Date of Report (date of earliest event reported): October 13, 2009

YONGYE INTERNATIONAL, INC.
(Exact name of registrant as specified in charter)

Nevada
 
333-143314
20-8051010
(State of Incorporation)
 (Commission File No.)
(IRS Employer
Identification No.)
 

6th Floor, Suite 608, Xue Yuan International Tower,
No. 1 Zhichun Road, Haidian District Beijing, PRC

(Address Of Principal Executive Offices) (Zip Code)
 
+86 10 8231 8626
(Registrant’s Telephone Number, Including Area Code)

 

(Former Name and Former Address)
 
Check the appropriate box below if the Form 8-K filing is intended to simultaneously satisfy the filing obligation of registrant under any of the following provisions:
 
  [  ]  Written communications pursuant to Rule 425 under the Securities Act (17 CFR 230.425)
     
 
[  ]
Soliciting material pursuant to Rule 14a-12(b) under the Exchange Act (17 CFR 240.14a-12(b))
 
 
[  ]
Pre-commencement communications pursuant to Rule 14d-2(b) under the Exchange Act (17 CFR 240.14d-2(b))
 
 
[  ]
Pre-commencement communications pursuant to Rule 13e-4(c) under the Exchange Act (17 CFR 240.13e-4(c))
 




Item 4.02 – Non-Reliance on Previously Issued Financial Statement or a Related Audit Report of Completed Interim Review.

On October 13, 2009, the Chief Financial Officer of Yongye International, Inc. (the “Company”) determined that the financial statements for the year ended December 31, 2008 and the unaudited interim financial statements for the quarters ended June 30, 2008, September 30, 2008, March 31, 2009 and June 30, 2009 should no longer be relied upon by investors due to a mistake in the application of US Generally Accepted Accounting Principles regarding the accounting for certain warrants issued by the Company in 2008 and 2009.  As previously announced, the Company expects to restate such financial statements to reflect the proper adoption of non-cash related accounting treatment of the warrants issued in 2008 based on Emerging Issues Task Force (EITF) Issues Nos. 07-5 and 00-19.

EITF Issue No. 07-05 now requires issuers to record as liabilities financial instruments which provide "down round" protection in the form of a "hard ratchet" adjustment mechanism to the relevant exercise or conversion price, which was originally designed to protect holders from dilutive issuances of the Company's stock.
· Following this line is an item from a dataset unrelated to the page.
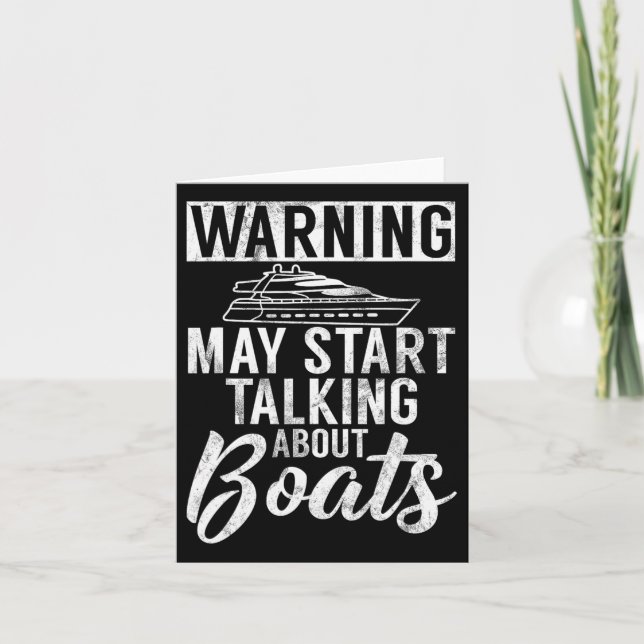 Warning May Start Talking About Boats Boating  Card (Front)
This was implemented for fiscal years ending after December 15, 2008 and requires that warrants with such provisions no longer be recorded as equities and instead be recorded as liabilities since a hard ratchet provision may be considered a type of guarantee provided to the holder of the financial instrument. The Company adopted EITF 07-5 to properly account for the value of the warrants issued in 2008 after the down round provisions were triggered upon the issuance of shares in its May 2009 private placement.
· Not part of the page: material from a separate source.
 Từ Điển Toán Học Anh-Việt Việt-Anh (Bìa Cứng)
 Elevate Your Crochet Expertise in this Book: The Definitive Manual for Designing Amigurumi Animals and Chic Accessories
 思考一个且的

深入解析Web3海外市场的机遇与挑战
EITF 00-19 requires issuers which enter into contracts that are indexed to, and sometimes settled in, its own stock to record these contracts as liabilities if an event could occur that is considered to be not within the control of the issuer and which requires a net cash settlement to the contract holder unless there are provisions requiring that the contract holder receive the same form of consideration as holders of the shares underlying the contract. The Company’s warrants match this description and will be re-classified as liabilities and will be measured at fair value with changes in fair value reported in earnings for each reporting period as long as the contracts remain classified as assets or liabilities. If the warrants are ultimately settled in shares, any gains or losses on those contracts will continue to be included in earnings.

Due to the complexities of accounting for its issued warrants, the Company had accounted for them inappropriately by classifying them as permanent equity. The Company now anticipates that once the restatements are complete, the cumulative effects for the last three quarters of 2008 to be a non-cash gain of approximately $2.1 million and for the first half of fiscal 2009 a non-cash adjustment of approximately $5.0 million. The Company expects to record
non-cash adjustments to earnings in subsequent reporting periods, depending on the changes in fair value of the warrants which will be subject to, among other factors, changes in the Company's share price.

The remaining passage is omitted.